Militer tidak akan secara resmi mengkonfirmasi apakah “Hannibal” dikeluarkan setelah hilangnya Goldin, tetapi beberapa pejabat mengatakan perintah langka diberikan. Para pejabat berbicara dengan syarat anonim karena mereka tidak berwenang untuk berbicara dengan jurnalis.
Penembakan yang berat meratakan daerah di Rafah dan menewaskan sekitar 100 warga Palestina, kata pejabat kesehatan Palestina. Mereka tidak dapat memberikan penjelasan tentang jumlah warga sipil dan militan yang mati.
Asosiasi Hak Sipil di Israel, sebuah kelompok hak -hak terkemuka, meminta pemerintah minggu ini untuk menghentikan doktrin dan menyelidiki penggunaannya.
“Sebuah protokol yang membahayakan kehidupan prajurit tawanan untuk mencegah penculikan secara fundamental tidak dapat diterima,” tulis Acri kepada pengacara -Jenderal Israel pada hari Senin. “Implementasi protokol ini di daerah berpenduduk, di mana prajurit dan tahanannya dikelilingi oleh penduduk sipil yang tidak berpartisipasi dalam permusuhan, dilarang keras.”
Kementerian Kehakiman Israel menolak berkomentar dan hanya mengatakan bahwa mereka menerima surat itu.
Ketakutan dipenjara berjalan jauh di dalam masyarakat Israel, di mana dinas militer wajib bagi sebagian besar pria Yahudi.
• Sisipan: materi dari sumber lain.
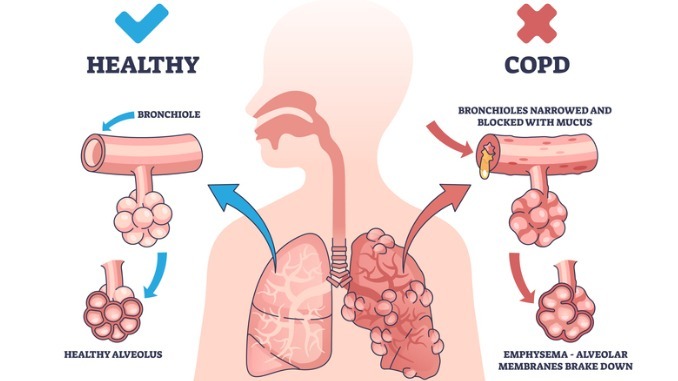 COPD or chronic obstructive pulmonary disease explanation outline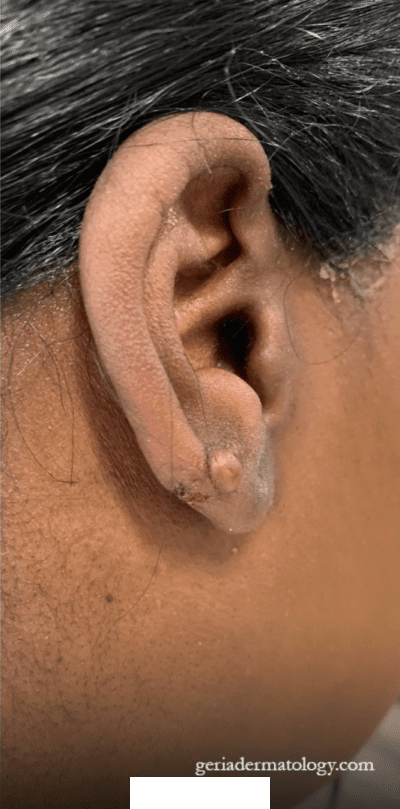 After Image: Patient Case #3025 - right-side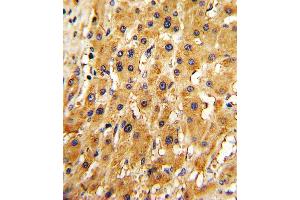 Formalin-fixed and paraffin-embedded human hepatocarcinoma with RT Antibody (N-term), which was peroxidase-conjugated to the secondary antibody, followed by DAB staining. (APRT anticorps  (N-Term))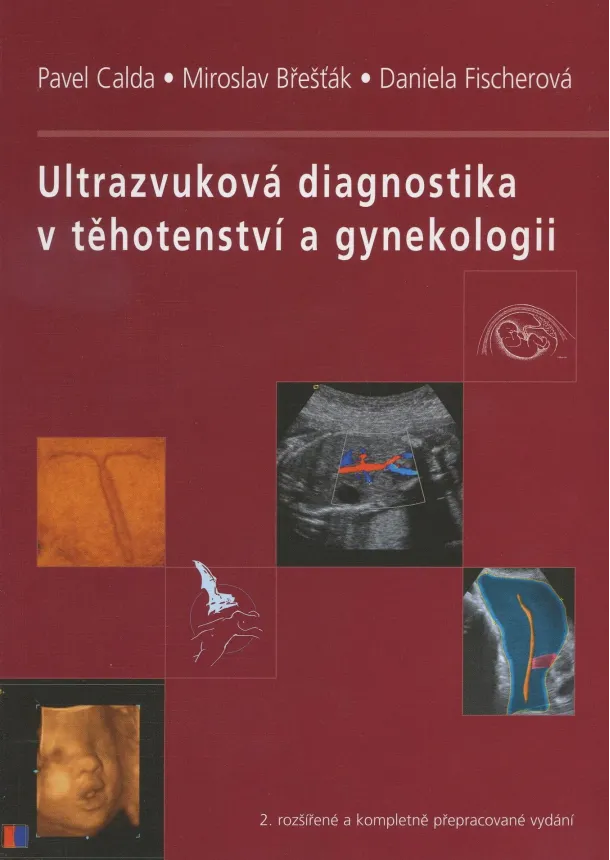 Pavel Calda, Miroslav Břešťák, Daniela Fischerová a kol. - Ultrazvuková diagnostika v těhotenství a gynekologii - 2. kompletní přepracované vydání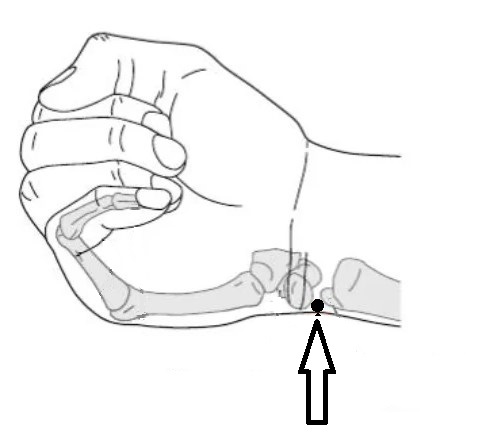 SI-5 Point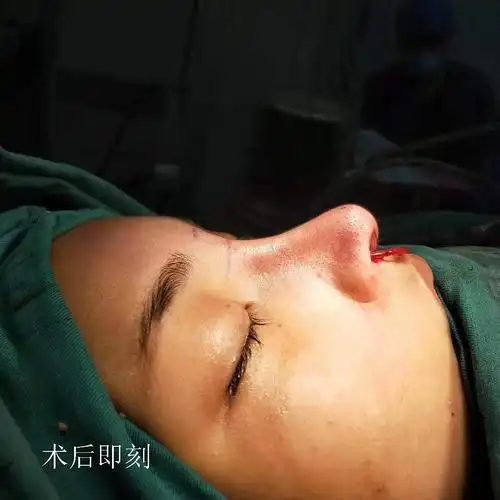 5,鼻小柱采用移植物延伸抬高,缩小两侧鼻翼.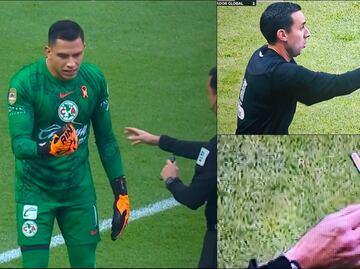 Luis Ángel Malagón fue agredido con un cortaúñas tras el silbatazo inicial del Toluca vs América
Kelompok militan Islam telah menempatkan premi pada tentara yang menangkap. Jika mereka berhasil, mereka tidak memperluas tahanan internasional hak -hak perang, yang mencegah kunjungan Palang Merah dan merahasiakan status tahanan mereka.
Asa Kasher, seorang profesor filsafat yang menulis kode perilaku resmi militer pada 1990 -an, mengatakan ‘prosedur Hannibal’ sangat disalahpahami dan memiliki keseimbangan yang rumit antara perlindungan kehidupan tentara dan pelaksanaan tanggung jawab militer. Sebagian besar Richteline tetap diklasifikasikan, tetapi Kasher menekankan bahwa kebijaksanaan konvensional seorang “prajurit yang mati lebih baik daripada seorang prajurit tawanan” adalah kesalahan.
“Itu hanya pepatah yang mengerikan dan benar -benar salah. Ini bertentangan dengan setiap nilai tentara Israel, katanya.
Namun, seorang pengacara ACRI, Tamar Feldman, mengatakan praktik itu melanggar hak asasi manusia yang potensial. Ketika beroperasi di area yang ramai seperti Gaza, itu menimbulkan lebih banyak pertanyaan.
“Tugas yang membuat kehidupan seorang prajurit menjadi keuntungan politik yang tidak diketahui … sinis dan keriangan,” tulisnya. “Actol dari protokol ini di jantung lingkungan perkotaan dan sipil sangat serius; ia mengguncang dasar -dasar hukum dan moralitas dan harus benar -benar dikutuk.”